Нет, разумеется, Римини этого не понимал. Он вообще в то время мало что понимал и мало что воспринимал. Ему не было дела до того, горит или погашен свет в комнате, одет он сам или раздет, находится в помещении один – или рядом с ним есть еще кто-то. Сам того не заметив, он достиг состояния полного самозабвения, которого буддистские монахи-отшельники добиваются годами, если не десятилетиями медитации, и ради того, чтобы посмотреть на этих избранных, поклонники восточной философии готовы платить большие деньги – за перелет и экскурсию к древним монастырям. Римини почти перестал выходить на улицу; внешний мир – в частности, отраженный в телевидении, газетах и радио – перестал для него существовать, превратившись в смутные воспоминания, словно имплантированные в его полупустое сознание. Под «внешним миром» Римини теперь понимал тот набор предметов и явлений, с которыми имел дело, не выходя из квартиры: прежде всего, одежда, в которой он проводил дни и ночи, – отцовская футболка, штаны от полосатой пижамы и пара старых шерстяных носков – из дырок торчали отросшие ногти больших пальцев; один-два выключателя, к помощи которых он все-таки время от времени прибегал для того, чтобы осветить комнату, где в тот момент находился; вода – то количество, которое необходимо ровным счетом для питья, но никак не для гигиенических процедур; минимум продуктов – сосиски, растворимое картофельное пюре, яичница да ментоловый шоколад: десятки коробок в кухонном шкафу и сотни плоских пакетиков из фольги, по расположению которых в квартире отец мог безошибочно проследить траекторию движения Римини за целый день, – перемещаясь, тот оставлял за собой россыпь этих конвертиков; вечно разложенный диван-кровать, на котором Римини проводил практически все время; простыни и одеяла; подушка, которую он обнимал по ночам… Даже письмо Софии, которое доказывало, что вокруг была какая-то жизнь – вмещавшая и потерянный им мир с дорогими ему существами, и сам этот листочек из школьной тетради, – было для него чем-то более внутренним, чем его собственные мысли, чем привкус во рту и урчание, которое издавал его голодный желудок. Внутренний мир Римини не то чтобы неожиданно сузился, но и нельзя сказать, чтобы стал богаче; дело заключалось в том, что сам Римини в то время был неким внутренним миром. Впрочем, вовсе не было очевидно, что этот мир был его.
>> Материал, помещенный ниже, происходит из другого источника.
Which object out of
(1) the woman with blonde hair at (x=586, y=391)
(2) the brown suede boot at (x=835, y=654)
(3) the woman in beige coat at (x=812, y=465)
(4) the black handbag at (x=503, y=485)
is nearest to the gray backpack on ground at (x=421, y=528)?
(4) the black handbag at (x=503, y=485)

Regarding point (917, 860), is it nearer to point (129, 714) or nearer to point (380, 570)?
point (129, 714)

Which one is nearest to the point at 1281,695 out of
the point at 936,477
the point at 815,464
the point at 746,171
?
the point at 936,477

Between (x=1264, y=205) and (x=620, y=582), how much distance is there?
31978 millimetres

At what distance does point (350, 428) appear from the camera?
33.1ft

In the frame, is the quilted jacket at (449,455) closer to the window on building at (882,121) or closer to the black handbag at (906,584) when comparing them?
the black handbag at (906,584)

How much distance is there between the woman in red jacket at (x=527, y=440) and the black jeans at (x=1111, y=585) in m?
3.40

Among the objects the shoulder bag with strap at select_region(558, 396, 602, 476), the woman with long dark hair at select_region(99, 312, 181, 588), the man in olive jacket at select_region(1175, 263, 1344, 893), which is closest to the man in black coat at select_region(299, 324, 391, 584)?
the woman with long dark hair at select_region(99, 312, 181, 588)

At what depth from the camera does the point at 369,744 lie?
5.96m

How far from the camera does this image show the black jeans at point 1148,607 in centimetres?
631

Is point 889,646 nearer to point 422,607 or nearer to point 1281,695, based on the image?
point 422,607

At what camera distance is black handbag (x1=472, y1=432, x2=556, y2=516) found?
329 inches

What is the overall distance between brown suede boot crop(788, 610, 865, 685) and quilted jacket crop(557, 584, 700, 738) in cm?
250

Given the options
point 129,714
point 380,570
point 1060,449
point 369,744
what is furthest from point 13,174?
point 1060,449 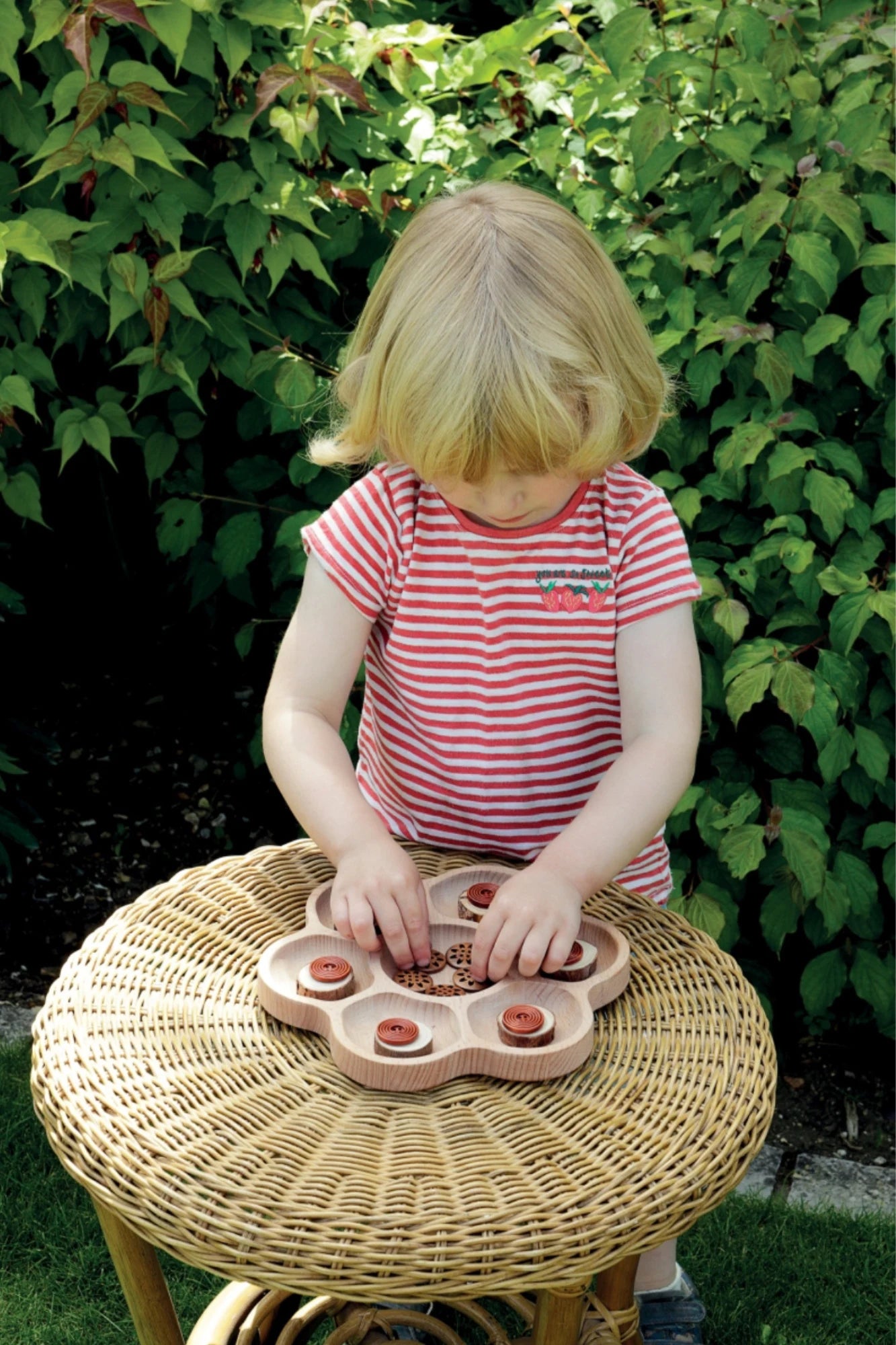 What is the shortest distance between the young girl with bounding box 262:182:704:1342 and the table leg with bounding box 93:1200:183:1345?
33cm

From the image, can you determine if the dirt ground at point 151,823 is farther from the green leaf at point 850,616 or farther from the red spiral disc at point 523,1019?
the red spiral disc at point 523,1019

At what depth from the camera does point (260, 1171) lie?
1.06 metres

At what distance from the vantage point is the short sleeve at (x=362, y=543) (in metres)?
1.51

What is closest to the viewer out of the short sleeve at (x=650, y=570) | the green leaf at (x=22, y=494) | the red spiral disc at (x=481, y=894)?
the red spiral disc at (x=481, y=894)

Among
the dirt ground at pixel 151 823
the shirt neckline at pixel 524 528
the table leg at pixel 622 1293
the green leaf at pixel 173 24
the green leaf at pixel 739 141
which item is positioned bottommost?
the dirt ground at pixel 151 823

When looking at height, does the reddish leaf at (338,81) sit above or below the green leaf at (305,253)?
above

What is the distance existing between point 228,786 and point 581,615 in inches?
66.9

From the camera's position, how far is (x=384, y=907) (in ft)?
4.26

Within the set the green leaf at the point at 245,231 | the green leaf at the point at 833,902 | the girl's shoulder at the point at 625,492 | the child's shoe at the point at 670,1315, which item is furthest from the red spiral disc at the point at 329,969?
the green leaf at the point at 245,231

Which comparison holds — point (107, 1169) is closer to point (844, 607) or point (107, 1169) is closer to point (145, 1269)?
point (145, 1269)

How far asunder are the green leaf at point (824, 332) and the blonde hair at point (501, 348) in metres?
0.73

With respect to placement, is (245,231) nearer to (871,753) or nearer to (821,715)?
(821,715)

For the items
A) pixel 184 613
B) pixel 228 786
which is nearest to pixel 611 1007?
pixel 228 786

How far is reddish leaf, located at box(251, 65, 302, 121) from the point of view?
2016 millimetres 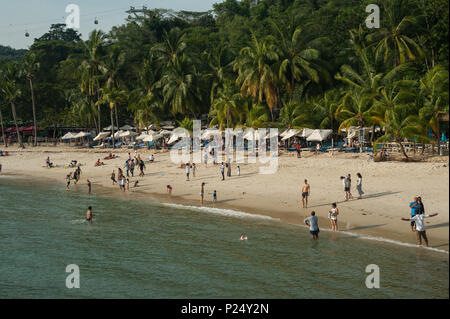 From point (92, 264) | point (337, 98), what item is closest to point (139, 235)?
point (92, 264)

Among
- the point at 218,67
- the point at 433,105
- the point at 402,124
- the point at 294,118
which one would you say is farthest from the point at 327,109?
the point at 218,67

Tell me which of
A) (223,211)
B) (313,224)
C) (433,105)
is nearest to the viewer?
(313,224)

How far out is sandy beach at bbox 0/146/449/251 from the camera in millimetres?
22002

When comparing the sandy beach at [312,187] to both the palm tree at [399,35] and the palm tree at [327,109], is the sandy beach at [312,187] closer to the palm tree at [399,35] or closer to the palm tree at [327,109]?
the palm tree at [327,109]

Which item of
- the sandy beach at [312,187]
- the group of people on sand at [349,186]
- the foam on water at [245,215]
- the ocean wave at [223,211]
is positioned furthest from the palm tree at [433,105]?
the ocean wave at [223,211]

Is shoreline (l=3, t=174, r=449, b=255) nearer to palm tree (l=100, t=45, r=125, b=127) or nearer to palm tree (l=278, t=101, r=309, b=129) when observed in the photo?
palm tree (l=278, t=101, r=309, b=129)

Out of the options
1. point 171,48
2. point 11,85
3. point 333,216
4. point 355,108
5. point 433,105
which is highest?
point 171,48

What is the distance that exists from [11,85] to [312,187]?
58341 mm

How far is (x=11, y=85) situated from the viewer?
2744 inches

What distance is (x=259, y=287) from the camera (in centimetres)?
1579

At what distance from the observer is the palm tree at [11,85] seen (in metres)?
69.1

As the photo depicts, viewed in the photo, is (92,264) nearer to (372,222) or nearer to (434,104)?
(372,222)

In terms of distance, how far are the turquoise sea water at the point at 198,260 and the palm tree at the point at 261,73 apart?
2236 cm

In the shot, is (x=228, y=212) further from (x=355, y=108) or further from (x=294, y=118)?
(x=294, y=118) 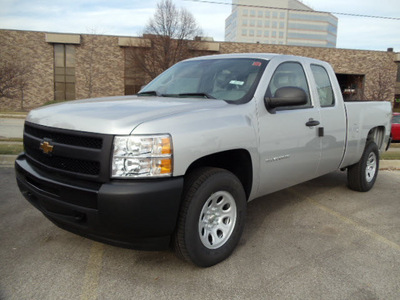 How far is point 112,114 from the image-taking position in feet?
9.01

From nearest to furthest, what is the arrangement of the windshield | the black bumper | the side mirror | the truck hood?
1. the black bumper
2. the truck hood
3. the side mirror
4. the windshield

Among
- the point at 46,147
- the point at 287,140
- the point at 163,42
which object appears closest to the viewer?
the point at 46,147

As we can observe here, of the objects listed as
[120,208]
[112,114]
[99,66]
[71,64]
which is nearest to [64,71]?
[71,64]

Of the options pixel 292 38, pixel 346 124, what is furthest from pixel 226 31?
pixel 346 124

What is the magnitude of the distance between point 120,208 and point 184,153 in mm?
603

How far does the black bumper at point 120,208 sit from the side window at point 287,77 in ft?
5.41

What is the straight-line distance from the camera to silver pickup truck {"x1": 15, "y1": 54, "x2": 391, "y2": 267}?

Отец Римини нашел, как ему казалось, единственно возможное средство, с помощью которого можно было вывести сына из этого состояния. Он полагал, что тому требуется срочная инъекция внешнего мира, сильная, но точно рассчитанная – любая ошибка в дозировке или интенсивности лечения могла оказаться роковой; Римини был практически беззащитен, и столкнуть его с внешним миром лицом к лицу без контроля было равносильно тому, чтобы оставить младенца-альбиноса на солнце в жаркий летний полдень. В этом отношении план, включавший в себя переезд в Уругвай, казался отцу Римини просто идеальным. Он решил, что выставит свою квартиру на продажу; Римини останется жить в ней и будет показывать ее потенциальным покупателям – отец же тем временем начнет подыскивать себе подходящее жилье в Монтевидео. Две сделки требовалось синхронизировать, причем проводить их предстояло на двух разных рынках, несомненно имевших много различий как в оформлении документов, так и в конъюнктуре оценки объектов недвижимости; в любом случае процесс должен был затянуться как минимум месяца на два – этого, как казалось отцу Римини, будет достаточно для того, чтобы его сын, вынужденный взаимодействовать с потенциальными покупателями, стал восстанавливать контакт с внешним миром. Потенциальные клиенты были в этом смысле просто идеальными посредниками: чужие незнакомые люди, с которыми нужно просто вежливо пообщаться, передать им информацию, и все – никаких обязательств. Таким образом Римини должен был получать в гомеопатических дозах живительное излучение извне, которое в любой другой дозировке его бы убило. Отец не собирался выставлять Римини на улицу, но и не желал поддерживать сына в его стремлении замкнуться в себе окончательно; он полагал, что за пару месяцев Римини окрепнет и придет в сносную форму, то есть по крайней мере сможет подыскать себе какую-нибудь работу, – и тогда, с отцовской финансовой помощью, ради чего отец готов был умерить свои запросы к недвижимости в Монтевидео, он смог бы вернуться к самостоятельному существованию, арендуя какое-нибудь скромное жилище.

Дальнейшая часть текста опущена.